[Data — start]
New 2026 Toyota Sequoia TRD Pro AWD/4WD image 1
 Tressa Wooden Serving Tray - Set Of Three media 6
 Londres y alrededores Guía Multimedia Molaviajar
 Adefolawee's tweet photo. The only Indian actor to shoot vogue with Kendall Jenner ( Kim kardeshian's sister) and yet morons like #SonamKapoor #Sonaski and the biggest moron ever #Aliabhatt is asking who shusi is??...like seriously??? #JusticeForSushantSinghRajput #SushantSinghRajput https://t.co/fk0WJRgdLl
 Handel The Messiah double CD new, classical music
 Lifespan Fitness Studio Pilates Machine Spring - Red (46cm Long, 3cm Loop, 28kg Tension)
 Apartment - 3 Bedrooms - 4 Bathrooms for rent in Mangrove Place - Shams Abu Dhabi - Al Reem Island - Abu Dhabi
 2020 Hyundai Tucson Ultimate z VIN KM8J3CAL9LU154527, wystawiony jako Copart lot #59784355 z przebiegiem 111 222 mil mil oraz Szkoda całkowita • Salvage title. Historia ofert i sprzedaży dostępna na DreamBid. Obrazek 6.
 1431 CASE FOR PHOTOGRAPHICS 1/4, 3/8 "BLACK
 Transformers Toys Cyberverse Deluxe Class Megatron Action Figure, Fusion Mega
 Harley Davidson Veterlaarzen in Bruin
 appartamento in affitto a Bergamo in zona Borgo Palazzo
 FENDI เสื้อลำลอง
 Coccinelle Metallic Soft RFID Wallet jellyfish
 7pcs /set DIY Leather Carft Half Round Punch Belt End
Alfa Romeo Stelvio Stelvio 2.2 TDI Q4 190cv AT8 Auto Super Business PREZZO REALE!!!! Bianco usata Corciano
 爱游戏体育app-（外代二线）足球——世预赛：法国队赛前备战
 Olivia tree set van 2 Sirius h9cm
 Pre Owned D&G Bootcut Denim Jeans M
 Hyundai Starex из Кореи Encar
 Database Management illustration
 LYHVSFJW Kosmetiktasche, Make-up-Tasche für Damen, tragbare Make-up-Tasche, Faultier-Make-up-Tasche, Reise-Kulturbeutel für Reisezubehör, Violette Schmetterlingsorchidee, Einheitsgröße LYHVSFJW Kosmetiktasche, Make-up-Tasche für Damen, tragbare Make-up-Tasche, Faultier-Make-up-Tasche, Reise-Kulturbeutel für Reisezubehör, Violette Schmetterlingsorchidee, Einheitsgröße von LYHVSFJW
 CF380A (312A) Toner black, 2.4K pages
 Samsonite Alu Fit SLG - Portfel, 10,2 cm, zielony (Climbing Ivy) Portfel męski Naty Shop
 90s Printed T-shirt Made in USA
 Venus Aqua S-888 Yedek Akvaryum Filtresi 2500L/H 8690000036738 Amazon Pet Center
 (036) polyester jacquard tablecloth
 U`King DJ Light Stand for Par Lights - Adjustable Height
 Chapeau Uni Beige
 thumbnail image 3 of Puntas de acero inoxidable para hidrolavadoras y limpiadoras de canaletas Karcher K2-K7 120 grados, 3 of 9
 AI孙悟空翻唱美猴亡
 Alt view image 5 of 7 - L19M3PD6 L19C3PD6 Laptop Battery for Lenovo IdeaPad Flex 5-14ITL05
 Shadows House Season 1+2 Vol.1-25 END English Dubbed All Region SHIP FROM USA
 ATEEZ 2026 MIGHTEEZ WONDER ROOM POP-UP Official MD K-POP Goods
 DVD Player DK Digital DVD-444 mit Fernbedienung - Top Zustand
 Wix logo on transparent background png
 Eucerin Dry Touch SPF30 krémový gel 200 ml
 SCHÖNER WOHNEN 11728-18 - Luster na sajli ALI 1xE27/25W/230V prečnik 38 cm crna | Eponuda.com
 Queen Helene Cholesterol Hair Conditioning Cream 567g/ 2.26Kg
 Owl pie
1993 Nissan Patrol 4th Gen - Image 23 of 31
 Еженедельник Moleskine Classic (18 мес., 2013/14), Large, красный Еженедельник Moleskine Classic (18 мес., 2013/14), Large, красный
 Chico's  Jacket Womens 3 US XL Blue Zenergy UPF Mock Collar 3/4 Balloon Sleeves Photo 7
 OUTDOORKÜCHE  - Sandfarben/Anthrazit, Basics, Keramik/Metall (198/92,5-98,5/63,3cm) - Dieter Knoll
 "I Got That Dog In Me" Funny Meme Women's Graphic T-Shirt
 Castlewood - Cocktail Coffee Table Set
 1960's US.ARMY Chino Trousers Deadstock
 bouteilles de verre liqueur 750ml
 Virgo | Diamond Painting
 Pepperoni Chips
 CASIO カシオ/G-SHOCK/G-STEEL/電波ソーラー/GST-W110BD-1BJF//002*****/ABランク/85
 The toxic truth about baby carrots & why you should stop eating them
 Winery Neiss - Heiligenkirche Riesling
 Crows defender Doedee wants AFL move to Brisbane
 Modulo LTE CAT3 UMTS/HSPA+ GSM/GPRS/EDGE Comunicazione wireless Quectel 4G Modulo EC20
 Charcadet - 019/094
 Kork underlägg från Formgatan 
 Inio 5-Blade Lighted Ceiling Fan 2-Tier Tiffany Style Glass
[Data — finish]
> **What to produce**
Copy the entries word for word.

> **Response box**
New 2026 Toyota Sequoia TRD Pro AWD/4WD image 1
 Tressa Wooden Serving Tray - Set Of Three media 6
 Londres y alrededores Guía Multimedia Molaviajar
 Adefolawee's tweet photo. The only Indian actor to shoot vogue with Kendall Jenner ( Kim kardeshian's sister) and yet morons like #SonamKapoor #Sonaski and the biggest moron ever #Aliabhatt is asking who shusi is??...like seriously??? #JusticeForSushantSinghRajput #SushantSinghRajput https://t.co/fk0WJRgdLl
 Handel The Messiah double CD new, classical music
 Lifespan Fitness Studio Pilates Machine Spring - Red (46cm Long, 3cm Loop, 28kg Tension)
 Apartment - 3 Bedrooms - 4 Bathrooms for rent in Mangrove Place - Shams Abu Dhabi - Al Reem Island - Abu Dhabi
 2020 Hyundai Tucson Ultimate z VIN KM8J3CAL9LU154527, wystawiony jako Copart lot #59784355 z przebiegiem 111 222 mil mil oraz Szkoda całkowita • Salvage title. Historia ofert i sprzedaży dostępna na DreamBid. Obrazek 6.
 1431 CASE FOR PHOTOGRAPHICS 1/4, 3/8 "BLACK
 Transformers Toys Cyberverse Deluxe Class Megatron Action Figure, Fusion Mega
 Harley Davidson Veterlaarzen in Bruin
 appartamento in affitto a Bergamo in zona Borgo Palazzo
 FENDI เสื้อลำลอง
 Coccinelle Metallic Soft RFID Wallet jellyfish
 7pcs /set DIY Leather Carft Half Round Punch Belt End
Alfa Romeo Stelvio Stelvio 2.2 TDI Q4 190cv AT8 Auto Super Business PREZZO REALE!!!! Bianco usata Corciano
 爱游戏体育app-（外代二线）足球——世预赛：法国队赛前备战
 Olivia tree set van 2 Sirius h9cm
 Pre Owned D&G Bootcut Denim Jeans M
 Hyundai Starex из Кореи Encar
 Database Management illustration
 LYHVSFJW Kosmetiktasche, Make-up-Tasche für Damen, tragbare Make-up-Tasche, Faultier-Make-up-Tasche, Reise-Kulturbeutel für Reisezubehör, Violette Schmetterlingsorchidee, Einheitsgröße LYHVSFJW Kosmetiktasche, Make-up-Tasche für Damen, tragbare Make-up-Tasche, Faultier-Make-up-Tasche, Reise-Kulturbeutel für Reisezubehör, Violette Schmetterlingsorchidee, Einheitsgröße von LYHVSFJW
 CF380A (312A) Toner black, 2.4K pages
 Samsonite Alu Fit SLG - Portfel, 10,2 cm, zielony (Climbing Ivy) Portfel męski Naty Shop
 90s Printed T-shirt Made in USA
 Venus Aqua S-888 Yedek Akvaryum Filtresi 2500L/H 8690000036738 Amazon Pet Center
 (036) polyester jacquard tablecloth
 U`King DJ Light Stand for Par Lights - Adjustable Height
 Chapeau Uni Beige
 thumbnail image 3 of Puntas de acero inoxidable para hidrolavadoras y limpiadoras de canaletas Karcher K2-K7 120 grados, 3 of 9
 AI孙悟空翻唱美猴亡
 Alt view image 5 of 7 - L19M3PD6 L19C3PD6 Laptop Battery for Lenovo IdeaPad Flex 5-14ITL05
 Shadows House Season 1+2 Vol.1-25 END English Dubbed All Region SHIP FROM USA
 ATEEZ 2026 MIGHTEEZ WONDER ROOM POP-UP Official MD K-POP Goods
 DVD Player DK Digital DVD-444 mit Fernbedienung - Top Zustand
 Wix logo on transparent background png
 Eucerin Dry Touch SPF30 krémový gel 200 ml
 SCHÖNER WOHNEN 11728-18 - Luster na sajli ALI 1xE27/25W/230V prečnik 38 cm crna | Eponuda.com
 Queen Helene Cholesterol Hair Conditioning Cream 567g/ 2.26Kg
 Owl pie
1993 Nissan Patrol 4th Gen - Image 23 of 31
 Еженедельник Moleskine Classic (18 мес., 2013/14), Large, красный Еженедельник Moleskine Classic (18 мес., 2013/14), Large, красный
 Chico's  Jacket Womens 3 US XL Blue Zenergy UPF Mock Collar 3/4 Balloon Sleeves Photo 7
 OUTDOORKÜCHE  - Sandfarben/Anthrazit, Basics, Keramik/Metall (198/92,5-98,5/63,3cm) - Dieter Knoll
 "I Got That Dog In Me" Funny Meme Women's Graphic T-Shirt
 Castlewood - Cocktail Coffee Table Set
 1960's US.ARMY Chino Trousers Deadstock
 bouteilles de verre liqueur 750ml
 Virgo | Diamond Painting
 Pepperoni Chips
 CASIO カシオ/G-SHOCK/G-STEEL/電波ソーラー/GST-W110BD-1BJF//002*****/ABランク/85
 The toxic truth about baby carrots & why you should stop eating them
 Winery Neiss - Heiligenkirche Riesling
 Crows defender Doedee wants AFL move to Brisbane
 Modulo LTE CAT3 UMTS/HSPA+ GSM/GPRS/EDGE Comunicazione wireless Quectel 4G Modulo EC20
 Charcadet - 019/094
 Kork underlägg från Formgatan 
 Inio 5-Blade Lighted Ceiling Fan 2-Tier Tiffany Style Glass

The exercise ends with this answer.